### Task brief
The entries that follow include a run beginning at the line with "Slouchy Pantolon Bluz" and ending at the line with "複合遊具とインクルーシブ遊具、背景には獄ドーム"; restate that run word for word and leave the rest out.

[Entries provided Boundary: Start]

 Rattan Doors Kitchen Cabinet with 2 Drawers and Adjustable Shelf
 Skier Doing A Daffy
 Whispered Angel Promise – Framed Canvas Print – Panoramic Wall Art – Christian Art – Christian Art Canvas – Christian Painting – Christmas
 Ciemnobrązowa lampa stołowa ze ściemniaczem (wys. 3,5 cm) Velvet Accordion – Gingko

[Entries provided Boundary: End]
[Entries provided Boundary: Start]

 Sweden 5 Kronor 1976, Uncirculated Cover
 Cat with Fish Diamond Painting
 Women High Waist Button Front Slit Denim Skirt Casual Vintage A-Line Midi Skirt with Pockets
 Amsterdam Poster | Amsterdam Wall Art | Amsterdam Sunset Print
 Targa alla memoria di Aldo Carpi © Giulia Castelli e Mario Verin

[Entries provided Boundary: End]
[Entries provided Boundary: Start]

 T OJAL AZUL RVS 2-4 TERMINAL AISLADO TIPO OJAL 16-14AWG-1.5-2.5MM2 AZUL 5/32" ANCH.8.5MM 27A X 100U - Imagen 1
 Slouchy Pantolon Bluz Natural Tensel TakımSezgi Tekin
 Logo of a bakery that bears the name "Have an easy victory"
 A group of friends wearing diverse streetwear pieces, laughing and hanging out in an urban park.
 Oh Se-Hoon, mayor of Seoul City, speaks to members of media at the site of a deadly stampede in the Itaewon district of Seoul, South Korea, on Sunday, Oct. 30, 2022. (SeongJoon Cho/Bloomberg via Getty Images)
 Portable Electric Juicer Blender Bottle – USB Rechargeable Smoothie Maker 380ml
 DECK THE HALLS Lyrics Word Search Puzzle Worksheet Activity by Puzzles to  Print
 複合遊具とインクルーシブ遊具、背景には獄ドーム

[Entries provided Boundary: End]

### Response below
 Slouchy Pantolon Bluz Natural Tensel TakımSezgi Tekin
 Logo of a bakery that bears the name "Have an easy victory"
 A group of friends wearing diverse streetwear pieces, laughing and hanging out in an urban park.
 Oh Se-Hoon, mayor of Seoul City, speaks to members of media at the site of a deadly stampede in the Itaewon district of Seoul, South Korea, on Sunday, Oct. 30, 2022. (SeongJoon Cho/Bloomberg via Getty Images)
 Portable Electric Juicer Blender Bottle – USB Rechargeable Smoothie Maker 380ml
 DECK THE HALLS Lyrics Word Search Puzzle Worksheet Activity by Puzzles to  Print
 複合遊具とインクルーシブ遊具、背景には獄ドーム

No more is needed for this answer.